§ Provided records:
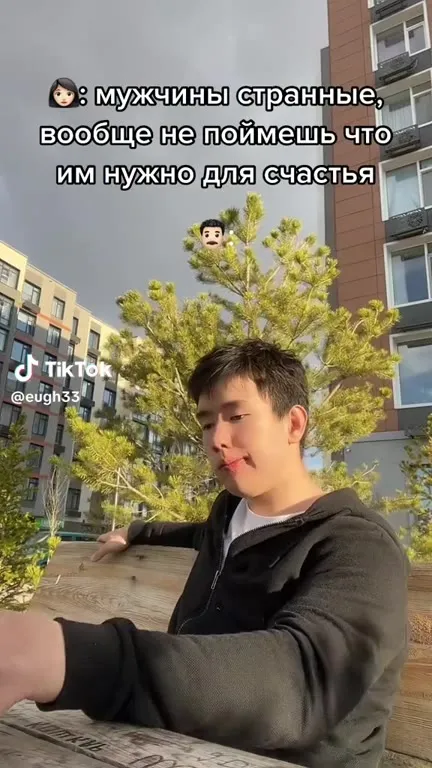Что нужно мужчинам для счастья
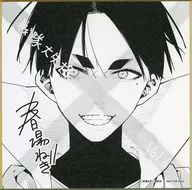 赤羽創世 春場ねぎ描き下ろしミニ色紙 「Blu-ray/DVD 戦隊大失格 第6巻 [数量限定生産盤]」 封入特典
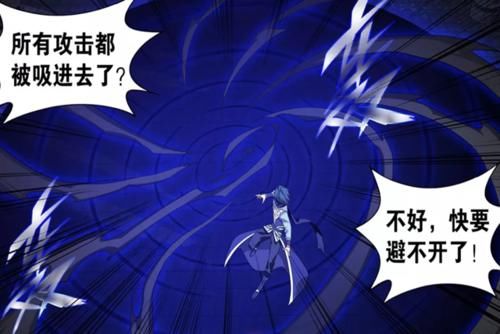  中招|斗破苍穹：斗圣遗骨发威，一半斗尊被吞噬，连萧炎都差点中招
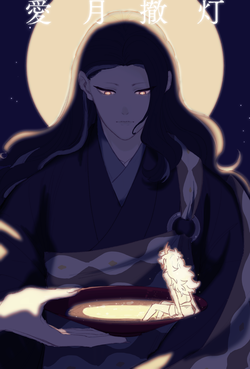阴阳师同人漫画屋  茨酒-爱月撤灯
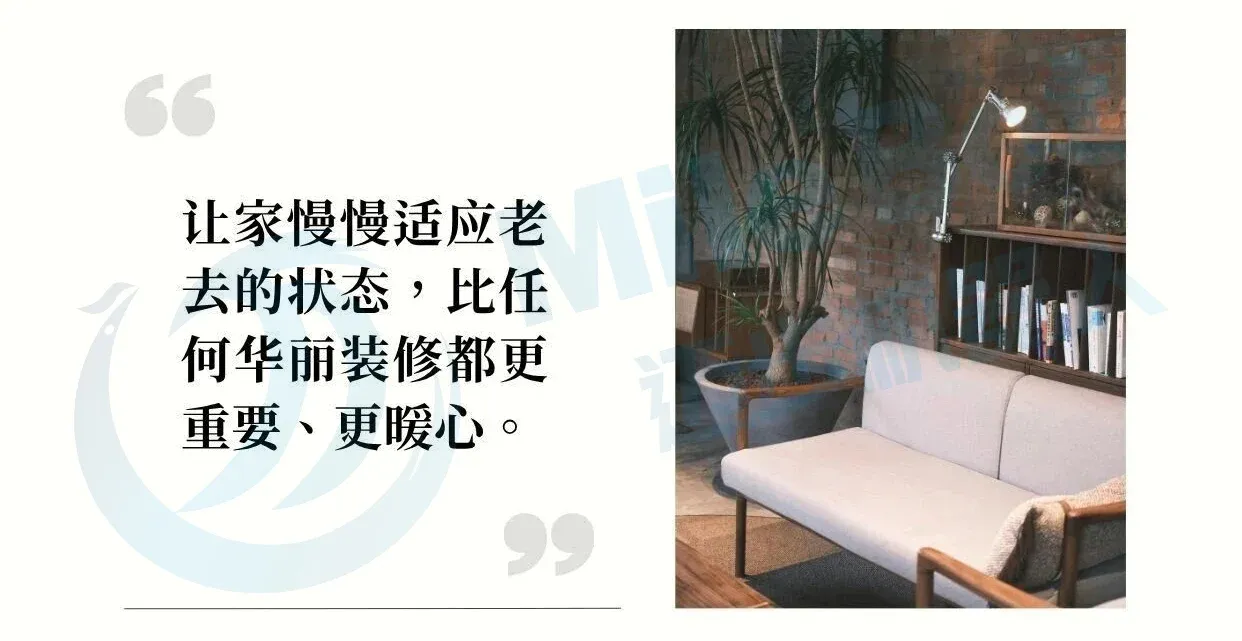 「养老规划」居家养老的四个核心，缺一项都不算稳妥！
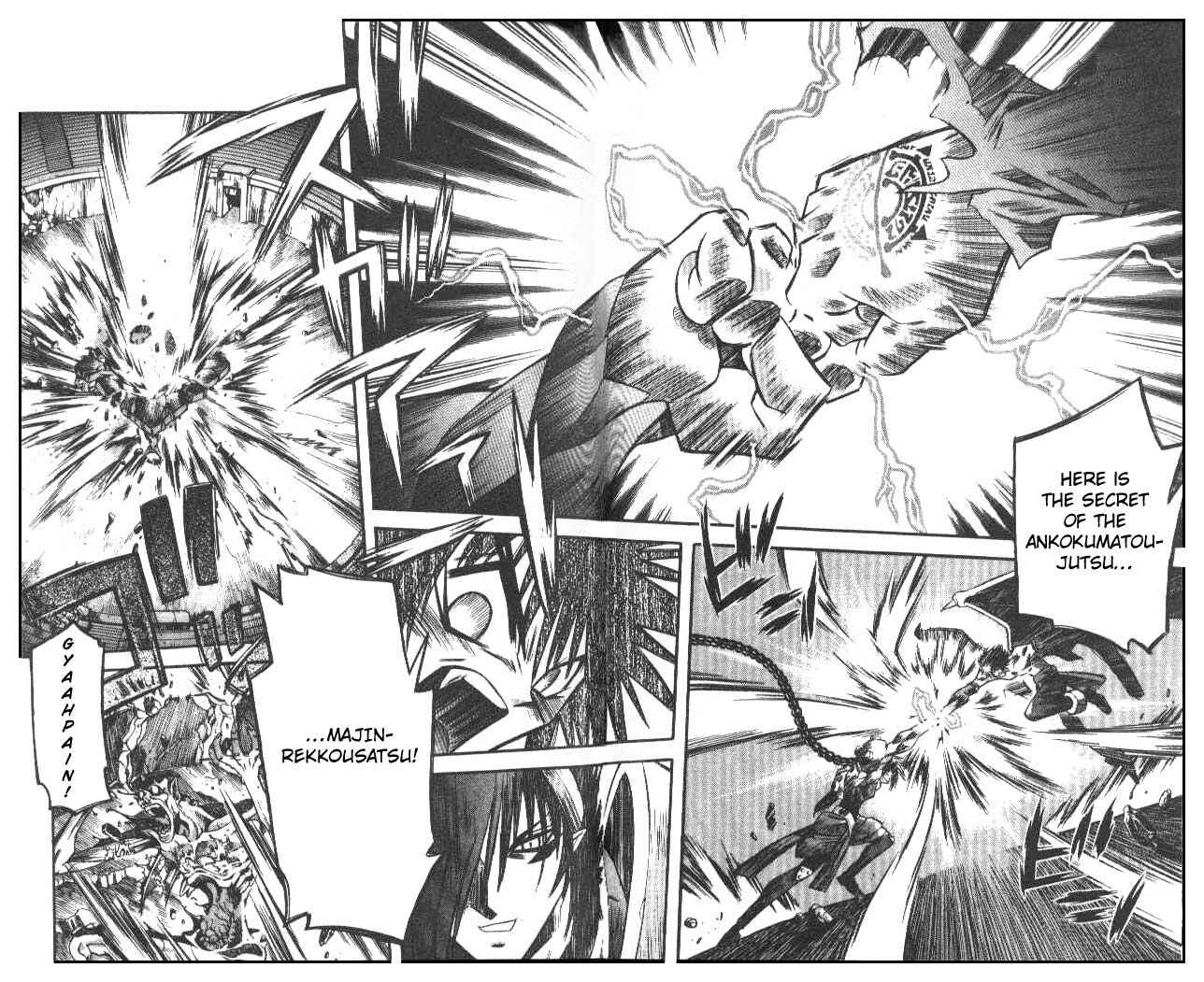 Page 4 Chapter 54 Devil Devil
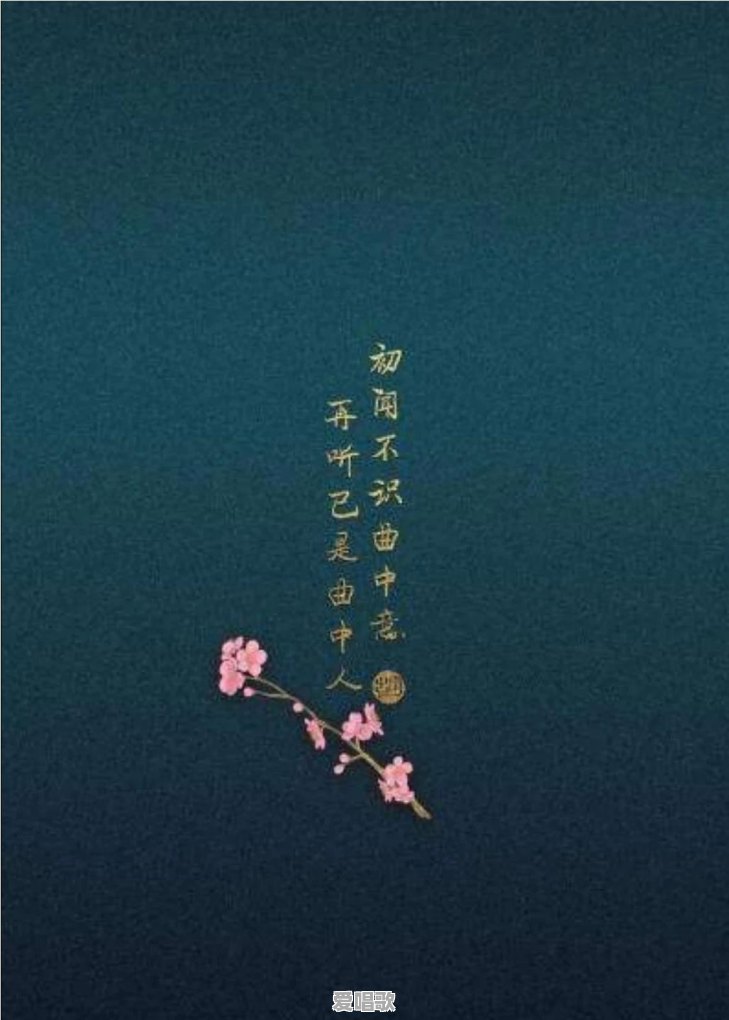 初中古诗歌曲流行歌曲视频 初中古诗歌曲流行歌曲视频 - 爱唱歌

§ Activity:
Return the whole listing word for word. Pictures stay out of it.

§ Written response:
Что нужно мужчинам для счастья
 赤羽創世 春場ねぎ描き下ろしミニ色紙 「Blu-ray/DVD 戦隊大失格 第6巻 [数量限定生産盤]」 封入特典
  中招|斗破苍穹：斗圣遗骨发威，一半斗尊被吞噬，连萧炎都差点中招
阴阳师同人漫画屋  茨酒-爱月撤灯
 「养老规划」居家养老的四个核心，缺一项都不算稳妥！
 Page 4 Chapter 54 Devil Devil
 初中古诗歌曲流行歌曲视频 初中古诗歌曲流行歌曲视频 - 爱唱歌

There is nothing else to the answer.